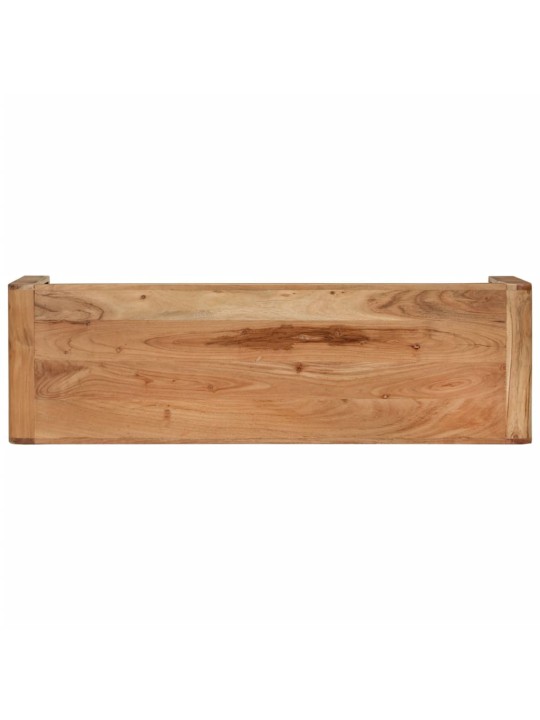 Tv statīvs, 110x33x33 cm, akācijas masīvkoks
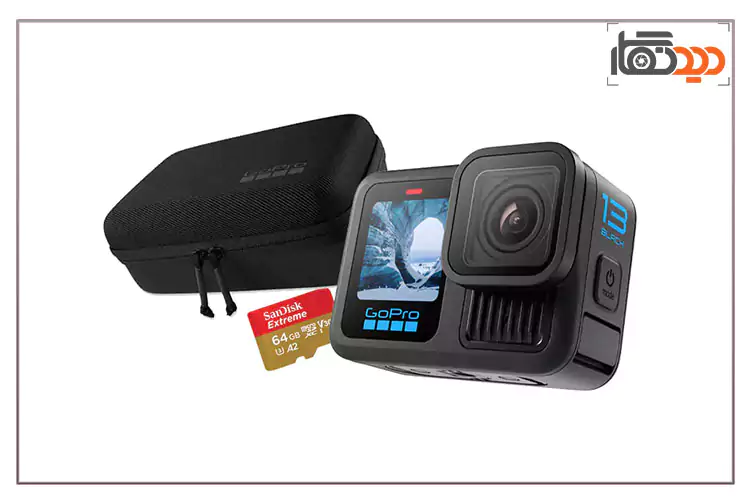 گوپرو هیرو 13، رم 64gb و کیف اورجینال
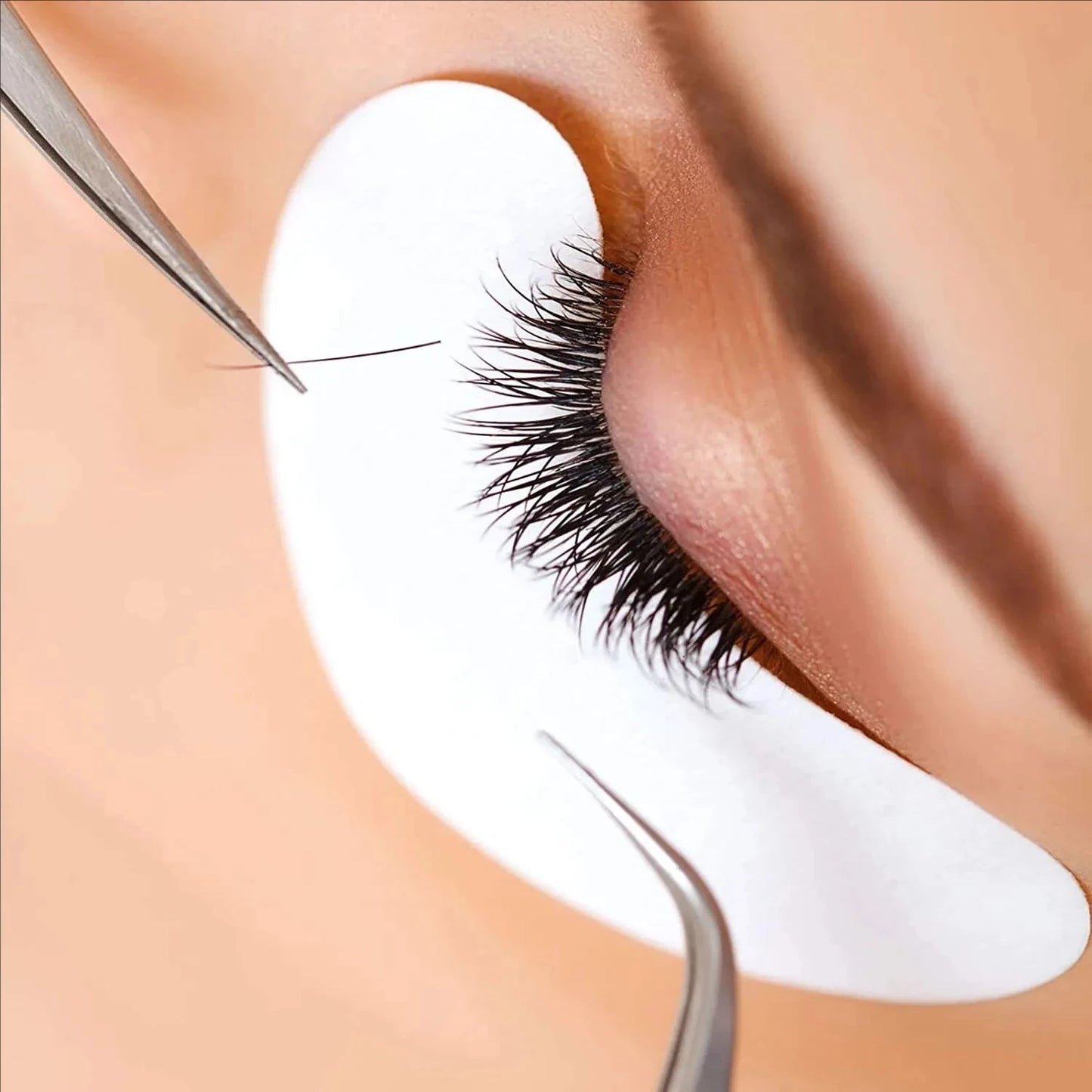 MJ Gel Eye Pads (50 Pairs) – Under-Eye Patches for Eyelash Extension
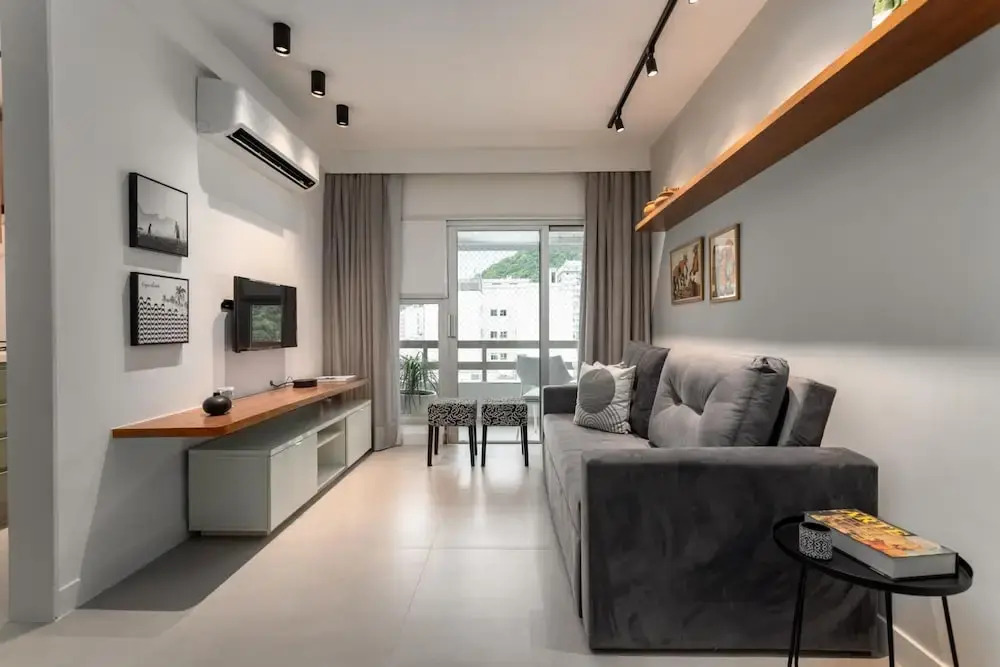 Comfort in Copacabana 400m From the Beach Br1307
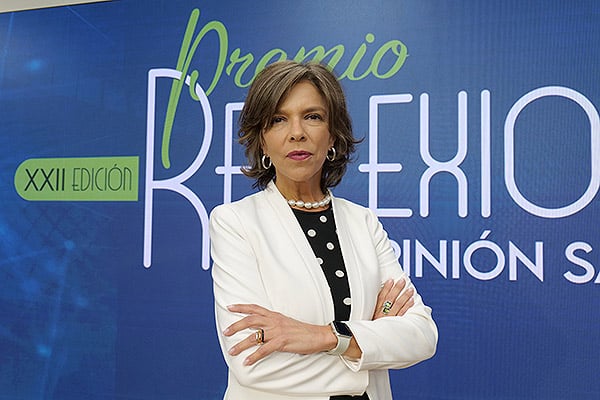 Marta Villanueva, directora general de la Fundación IDIS.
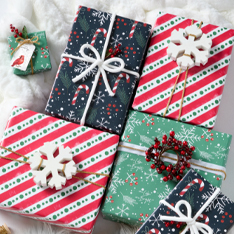 Let it Snow 3-Roll Wrap Pack — view details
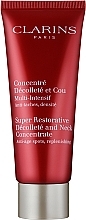 Fragrances, Perfumes, Cosmetics Concentrate - Clarins Super Restorative Decollete and Neck Concentrate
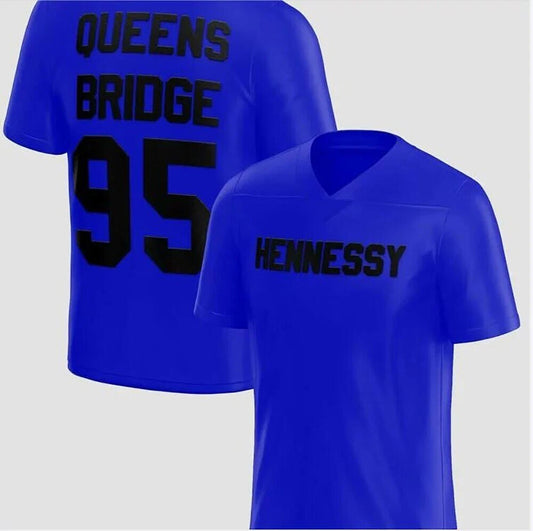 The Prodigy Queens Bridge #95 Football jersey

Activity:
Once the pictures are set aside, give every line above again without alteration.

Written answer:
 Tv statīvs, 110x33x33 cm, akācijas masīvkoks
 گوپرو هیرو 13، رم 64gb و کیف اورجینال
 MJ Gel Eye Pads (50 Pairs) – Under-Eye Patches for Eyelash Extension
 Comfort in Copacabana 400m From the Beach Br1307
 Marta Villanueva, directora general de la Fundación IDIS.
 Let it Snow 3-Roll Wrap Pack — view details
 Fragrances, Perfumes, Cosmetics Concentrate - Clarins Super Restorative Decollete and Neck Concentrate
 The Prodigy Queens Bridge #95 Football jersey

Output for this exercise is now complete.